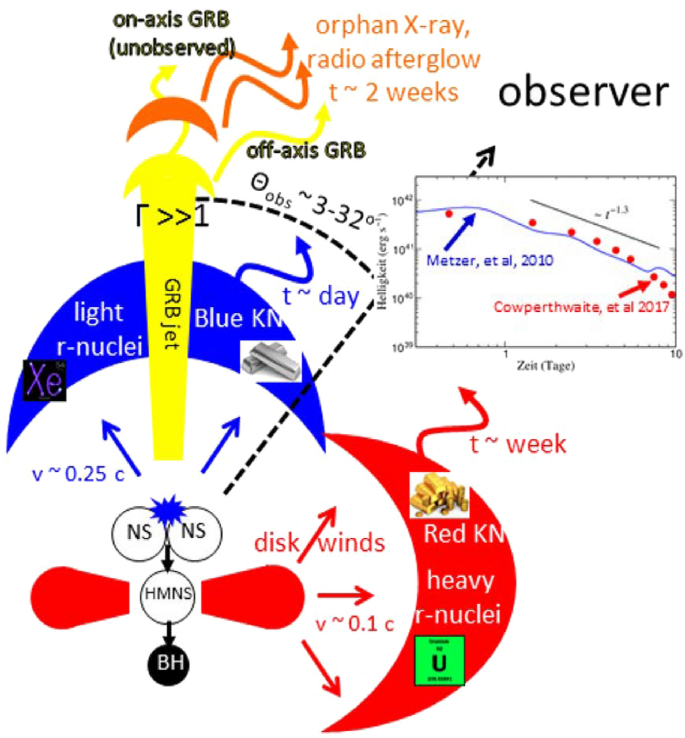 figure 29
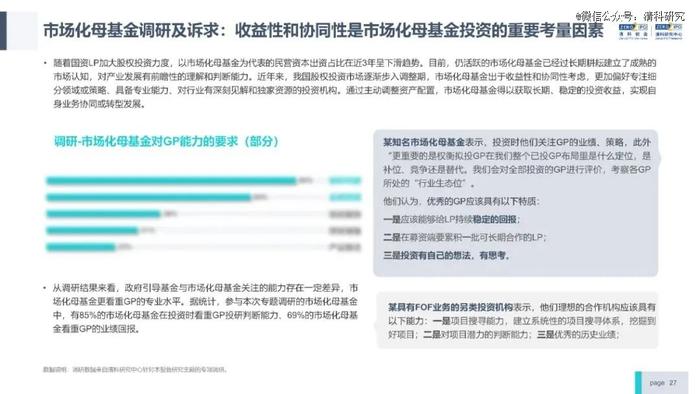 投资机构能力进阶研究报告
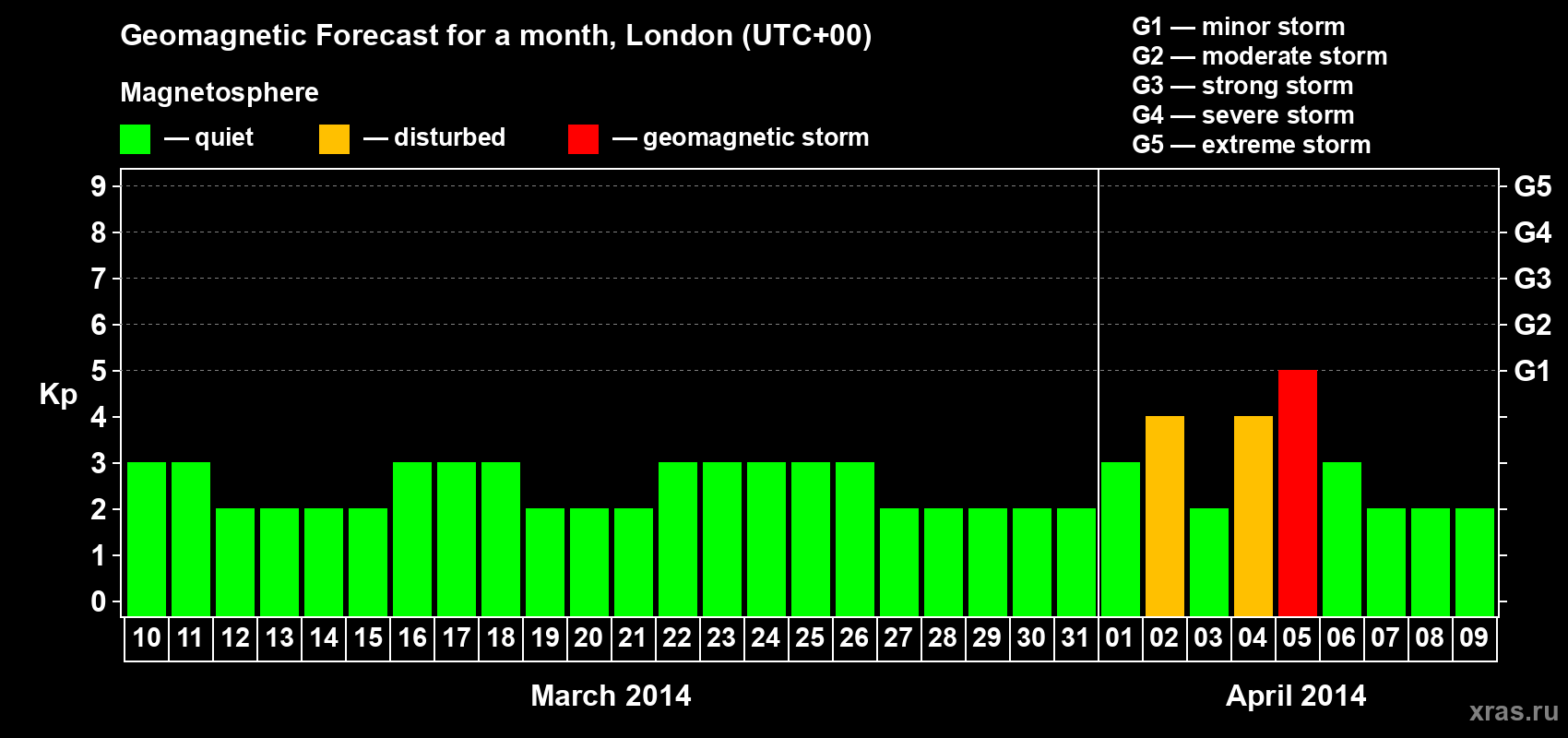 Forecast of the daily maximal value of geomagnetic index Kp for <b>1 month</b> (31 days) <b>from Mar 10, 2014 to Apr 09, 2014</b>
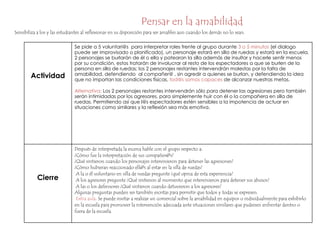 Pensar en la amabilidad
Sensibiliza a los y las estudiantes al reflexionar en su disposición para ser amables aun cuando los demás no lo sean.
Actividad
Se pide a 5 voluntari@s para interpretar roles frente al grupo durante 3 o 5 minutos (el dialogo
puede ser improvisado o planificado), un personaje estará en silla de ruedas y estará en la escuela,
2 personajes se burlarán de él o ella y patearan la silla además de insultar y hacerle sentir menos
por su condición, estos tratarán de involucrar al resto de los espectadores a que se burlen de la
persona en silla de ruedas; los 2 personajes restantes intervendrán molestas por la falta de
amabilidad, defendiendo al compañer@ , sin agredir a quienes se burlan, y defendiendo la idea
que no importan las condiciones físicas, tod@s somos capaces de alcanzar nuestras metas.
Alternativa: Los 2 personajes restantes intervendrán sólo para detener las agresiones pero también
serán intimidadas por los agresores, para simplemente huir con él o la compañera en silla de
ruedas. Permitiendo así que l@s espectadores estén sensibles a la impotencia de actuar en
situaciones como similares y la reflexión sea más emotiva.
Cierre
Después de interpretada la escena hable con el grupo respecto a:
¿Cómo fue la interpretación de sus compañer@s?
¿Qué sintieron cuando los personajes intervinieron para detener las agresiones?
¿Cómo hubieran reaccionado ell@s al estar en la silla de ruedas?
A la o él voluntario en silla de ruedas pregunte ¿qué opina de esta experiencia?
A los agresores pregunte ¿Qué sintieron al momento que intervinieron para detener sus abusos?
A las o los defensores ¿Qué sintieron cuando detuvieron a los agresores?
Algunas preguntas pueden ser también escritas para permitir que todos y todas se expresen.
Extra aula: Se puede invitar a realizar un comercial sobre la amabilidad en equipos o individualmente para exhibirlo
en la escuela para promover la intervención adecuada ante situaciones similares que pudiesen enfrentar dentro o
fuera de la escuela.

→ Action item
Scan the entries above for the string "sintieron" and copy each line containing it.

→ Result below
¿Qué sintieron cuando los personajes intervinieron para detener las agresiones?
A los agresores pregunte ¿Qué sintieron al momento que intervinieron para detener sus abusos?
A las o los defensores ¿Qué sintieron cuando detuvieron a los agresores?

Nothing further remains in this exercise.